We’re in phase three of our machine-learning project now—that is, we’ve gotten past denial and anger, and we’re now sliding into bargaining and depression. I’ve been tasked with using Ars Technica’s trove of data from five years of headline tests, which pair two ideas against each other in an “A/B” test to let readers determine which one to use for an article. The goal is to try to build a machine-learning algorithm that can predict the success of any given headline. And as of my last check-in, it was… not going according to plan.
I had also spent a few dollars on Amazon Web Services compute time to discover this. Experimentation can be a little pricey. (Hint: If you’re on a budget, don’t use the “AutoPilot” mode.)

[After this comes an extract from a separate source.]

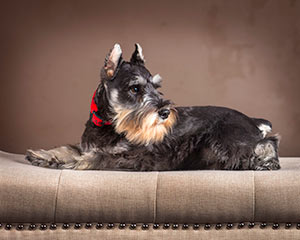 evans-schnauzers-meet-our-schnauzers-irma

We’d tried a few approaches to parsing our collection of 11,000 headlines from 5,500 headline tests—half winners, half losers. First, we had taken the whole corpus in comma-separated value form and tried a “Hail Mary” (or, as I see it in retrospect, a “Leeroy Jenkins“) with the Autopilot tool in AWS’ SageMaker Studio. This came back with an accuracy result in validation of 53 percent. This turns out to be not that bad, in retrospect, because when I used a model specifically built for natural-language processing—AWS’ BlazingText—the result was 49 percent accuracy, or even worse than a coin-toss. (If much of this sounds like nonsense, by the way, I recommend revisiting Part 2, where I go over these tools in much more detail.)

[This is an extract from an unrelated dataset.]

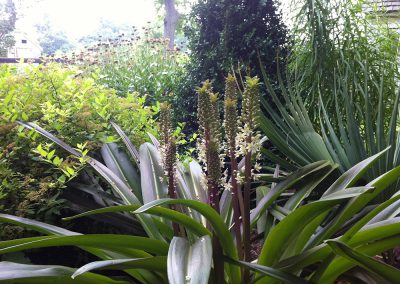 eucomis-1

It was both a bit comforting and also a bit disheartening that AWS technical evangelist Julien Simon was having similar lack of luck with our data. Trying an alternate model with our data set in binary classification mode only eked out about a 53 to 54 percent accuracy rate. So now it was time to figure out what was going on and whether we could fix it with a few tweaks of the learning model. Otherwise, it might be time to take an entirely different approach.